The American Lung Association says the following about treatment for pertussis:
“Antibiotics are the best way to treat pertussis. It is important that a doctor is seen as soon as possible, and treatment is started early to reduce severity and duration of the illness, as well as reduce the risk of spreading the infection to others. Treatment after three weeks is unlikely to help because the bacteria are typically gone from your body despite still having symptoms.”
Complications, especially in infants and young children, may include:
- Pneumonia, which is sometimes life-threatening.
- Temporary cessation of breathing (apnea) in infants can lead to brain damage. It can also be fatal.
- Rib fractures due to severe coughing spells. Rib fractures are painful, and unbearably so when coughing.
- A lack of oxygen can lead to swelling of the brain (encephalopathy), which can cause seizures and brain damage. Encephalopathy can be fatal.
- The infection may spread to the middle ear (otitis media).
- Eating difficulties and severe vomiting can lead to dehydration and malnutrition.

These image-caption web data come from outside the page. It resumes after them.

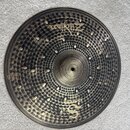 Kruhový činel s výraznou strukturovanou povrchovou úpravou v tmavě zlaté a černé barvě. Na povrchu je nápis Zildjian a dále označení Dark Crash s vyr…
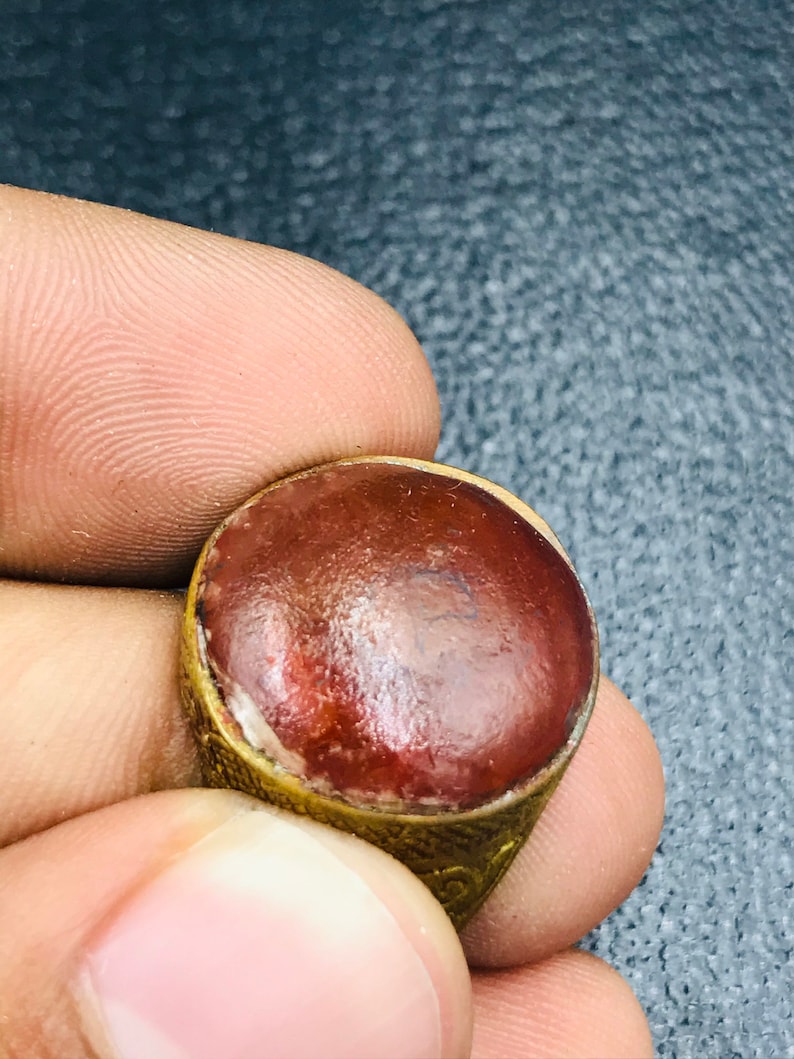 Handmade brass ring from Afghani with orange glass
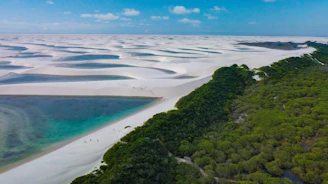 A vibrant sunset over the white dunes and turquoise lagoons of Lençóis Maranhenses, with a local guide leading a small group of travelers.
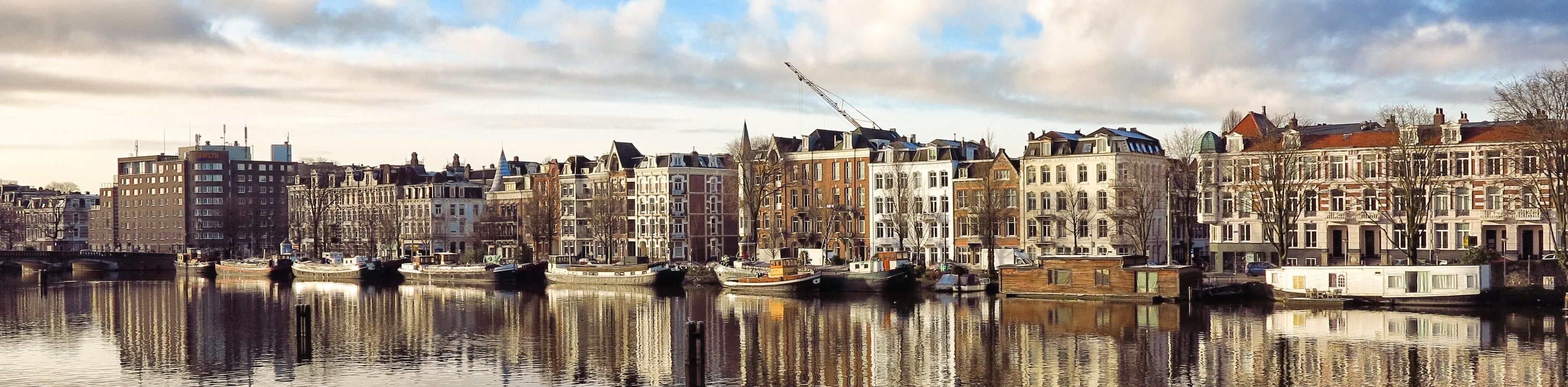 Foto van de Weesperzijde vanaf de Amsteldijk, pandjes langs het water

Prevention of whooping cough
Infants and young children should be given the DTaP vaccine (diphtheria, tetanus, and acellular pertussis) in a series of five doses, which start at the age of two months. Adolescents and young adults should take the Tdap vaccine (tetanus, diphtheria, and acellular pertussis) is a booster shot.
According to Australia’s Better Health Channel:
“One in every 200 babies who contract whooping cough will die. Seek urgent medical attention if your child’s lips or skin go blue (cyanosis) or if they are having breathing difficulties associated with the coughing. Immunization is the best way to reduce the risk of whooping cough.”